Incompetently Yours from Bloomberg and Klein

One thing people expected from entremanures like Bloomberg was some level of competence. People working in the schools have seen so little evidence that many are pining for the good old days of corrupt local school boards where at least you knew who was stealing from you. As for competence, the local yokels actually knew how to massage the bureacracy to make things work.

The next time the national press like Newsweek wants to write glowing reports on the competence of BloomKlein and the miracles they have wrought, they should check this story out as a prime example of how incompetently these "business" model people are running things. And while they're here, they should jump to the story in today's NY Post on further distortions in the grad rate at the much heralded small schools, where diplomas are granted based on passing rates of 55 instead of the more difficult 65.

Melvyn Meer from the Queens Community Board 11 Education Committee reports

I went to an official SLT "training" this morning. It was something of a fiasco.

Scheduled from 10 am to 12:30, it began at 10:15 and ended at 10:55.

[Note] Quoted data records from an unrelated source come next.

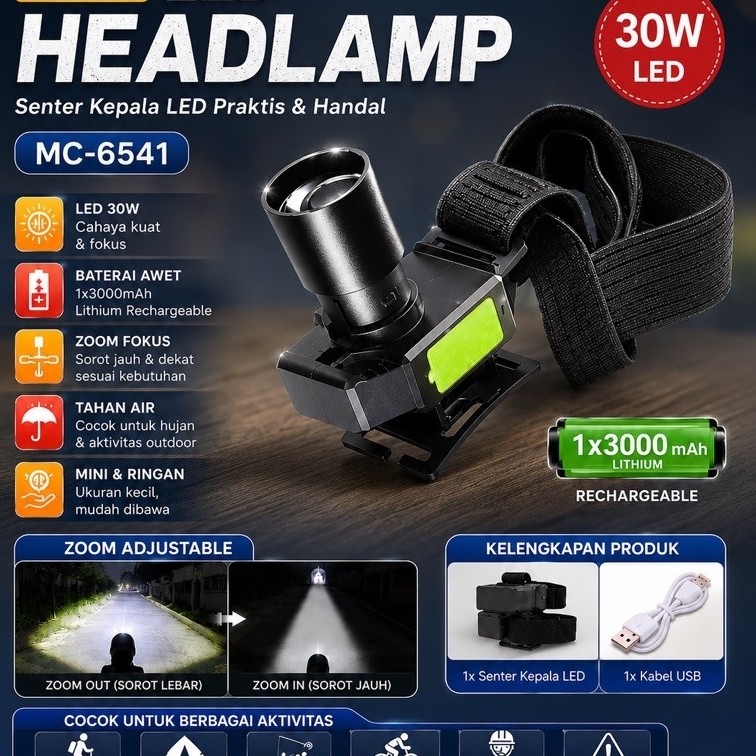 Senter Kepala LED Z MINI MIKACHI ZOOM MC-6541 30W Rechargeable 3000mAh Zoom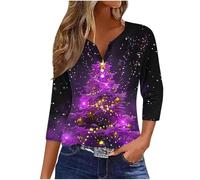 Zeiayuas Christmas Tree Jumper Women UK Xmas Graphic Sequin Snowflake Pullover Xmas Tree Print Shirt Novelty Funny Christmas Holiday Tops 3/4 Sleeve Casual Shirts Blouse V Neck Loose Tunic Top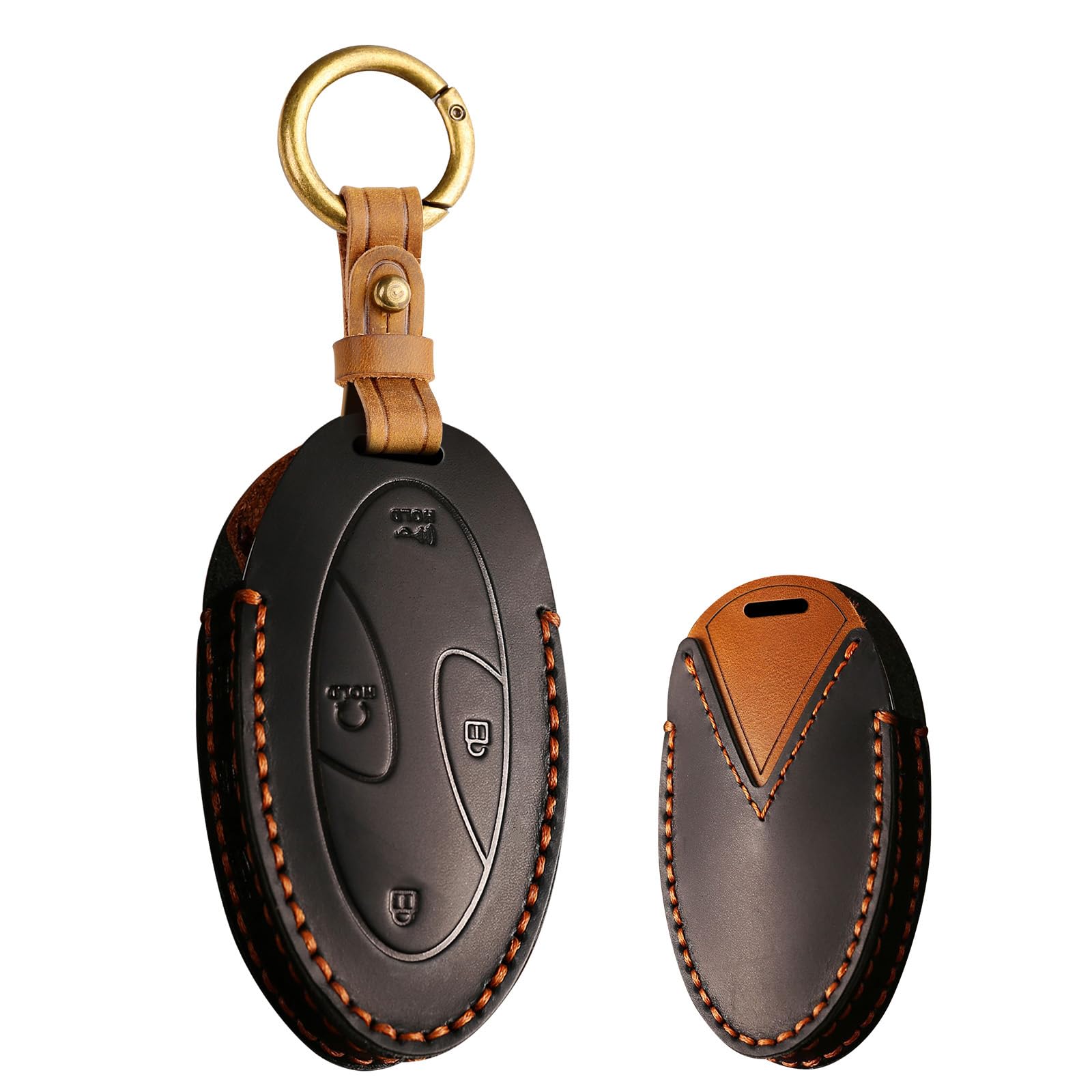 KUNIO Car Key Fob Cover for Hyundai Ioniq 6, Grandeur GN7, Kona 2023 - Leather Key Case with 5 Buttons - Black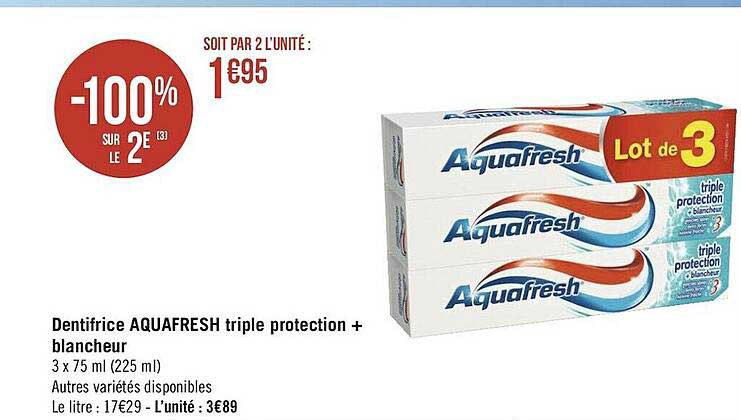 Dentifrice Aquafresh Triple Protection + Blancheur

Almost all that happened was that there was an outline handout that was also flashed on a screen. A lady read it, slowly, and it was almost over. I'm certain almost everyone in the audience knew this oh so basic material of the outline before going to this "training".

After the reading there were to be questions and an Asst. Principal from a middle school rose as if to ask a question. But what she said was that all the teachers from her team, as well as herself were there, and the school went to the expense of hiring substitutes for them so that they could attend. Her point was that for the considerable expense and effort the "training" was ridiculous--
only 40 minutes and the reading of a rather elementary outline.

I guess she expected to get some sympathy from a DoE attorney who was there as a back-up knowledgeable resource. Instead she got the bad news that it was a violation of State law for principals and teachers to be attending that meeting during the official school day.

Well, there must have been many others, for the room broke out in uncontrolled and furiously noisy argument all over the place and the meeting was, effectively, over.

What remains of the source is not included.